# American Dialect Society's Word of the Year for 1990 - 2014



## Josiah (Jan 17, 2015)

1990: bushlips (similar to "bullshit" – stemming from President George H. W. Bush's 1988 "Read my lips: no new taxes" broken promise)
1991: mother of all (as in Saddam Hussein's foretold "Mother of all battles")
1992: Not! (meaning "just kidding")
1993: information superhighway
1994: cyber, morph (to change form)
1995: web and (to) newt (to act aggressively as a newcomer, like Speaker Newt Gingrich during the Contract with America)
1996: mom (as in "soccer mom")
1997: millennium bug
1998: e- (as in "e-mail" or "e-commerce")
1999: Y2K
2000: chad (from the 2000 presidential election controversy in Florida)
2001: 9-11
2002: weapons of mass destruction (WMD)
2003: metrosexual
2004: red state, blue state, purple state (from the United States presidential election, 2004)
2005: truthiness (popularized on The Colbert Report)
2006: plutoed (demoted or devalued, as happened to the former planet Pluto)
2007: subprime (an adjective used to describe a risky or less than ideal loan, mortgage, or investment)
2008: bailout (in the specific sense of the rescue by the government of companies on the brink of failure, including large players in the banking industry)
2009: tweet (a short, timely message sent via the Twitter.com service, and verb, the act of sending such a message)
2010: app (an abbreviated form of application, a software program for a computer or phone operating system)
2011: occupy (verb or noun inspired from the Occupy movements of 2011)
2012: hashtag (a word or phrase preceded by a hash symbol (#), used on Twitter to mark a topic or make a commentary)
2013: because introducing a noun, adjective, or other part of speech (e.g., “because reasons,” “because awesome”).
2014: #blacklivesmatter: hashtag used as protest over blacks killed at the hands of police (esp. Michael Brown in Ferguson, Mo. and Eric Garner in Staten Island).


----------



## Josiah (Jan 17, 2015)

My apologies to our international friends for being so parochial.


----------



## SifuPhil (Jan 17, 2015)

24 years worth, and I've used them all!


----------



## Josiah (Jan 18, 2015)

I was unfamiliar with metrosexual and found this test


You might be "metrosexual" if: 


1. You just can't walk past a Banana Republic store without making a purchase. 

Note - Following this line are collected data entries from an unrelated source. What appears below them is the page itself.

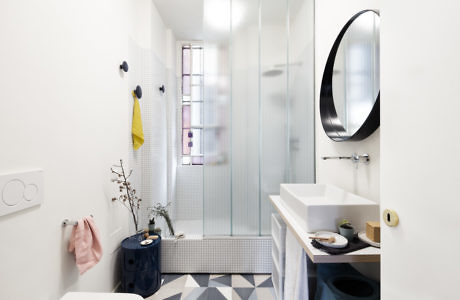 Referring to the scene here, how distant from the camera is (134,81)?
2.22m

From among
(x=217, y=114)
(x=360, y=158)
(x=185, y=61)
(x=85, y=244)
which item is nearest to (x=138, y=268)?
(x=85, y=244)

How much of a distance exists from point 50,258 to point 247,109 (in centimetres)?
179

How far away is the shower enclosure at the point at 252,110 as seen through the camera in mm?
2162

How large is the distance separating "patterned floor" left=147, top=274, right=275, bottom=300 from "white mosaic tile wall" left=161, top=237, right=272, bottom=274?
58 mm

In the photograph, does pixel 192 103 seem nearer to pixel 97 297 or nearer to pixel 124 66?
pixel 124 66

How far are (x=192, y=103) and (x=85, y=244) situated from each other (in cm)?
263

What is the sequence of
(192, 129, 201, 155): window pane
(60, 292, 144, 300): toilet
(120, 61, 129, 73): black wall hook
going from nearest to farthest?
(60, 292, 144, 300): toilet
(120, 61, 129, 73): black wall hook
(192, 129, 201, 155): window pane

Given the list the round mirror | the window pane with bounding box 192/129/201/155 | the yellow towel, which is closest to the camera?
the round mirror

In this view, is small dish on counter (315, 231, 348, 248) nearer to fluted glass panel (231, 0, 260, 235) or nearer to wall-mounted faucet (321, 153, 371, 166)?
wall-mounted faucet (321, 153, 371, 166)

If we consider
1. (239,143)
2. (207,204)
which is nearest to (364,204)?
(239,143)

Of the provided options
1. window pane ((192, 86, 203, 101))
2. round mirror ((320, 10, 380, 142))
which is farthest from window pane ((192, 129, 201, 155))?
round mirror ((320, 10, 380, 142))

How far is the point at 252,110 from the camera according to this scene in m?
2.18

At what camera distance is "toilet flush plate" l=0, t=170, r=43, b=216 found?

2. You own 20 pairs of shoes, half a dozen pairs of sunglasses, just as many watches and you carry a man-purse. 


3. You see a stylist instead of a barber, because barbers don't do highlights. 


4. You can make her lamb shanks and risotto for dinner and Eggs Benedict for breakfast... all from scratch. 


5. You only wear Calvin Klein boxer-briefs. 


6. You shave more than just your face. You also exfoliate and moisturize. 


7. You would never, ever own a pickup truck. 


8. You can't imagine a day without hair styling products. 


9. You'd rather drink wine than beer... but you'll find out what estate and vintage first. 


10. Despite being flattered (even proud) that gay guys hit on you, you still find the thought of actually getting intimate with another man truly repulsive.
"Some people think he's gay, but he's actually metrosexual."


----------



## Vivjen (Jan 18, 2015)

I suspect many of those would be the same here....we certainly use a lot!


----------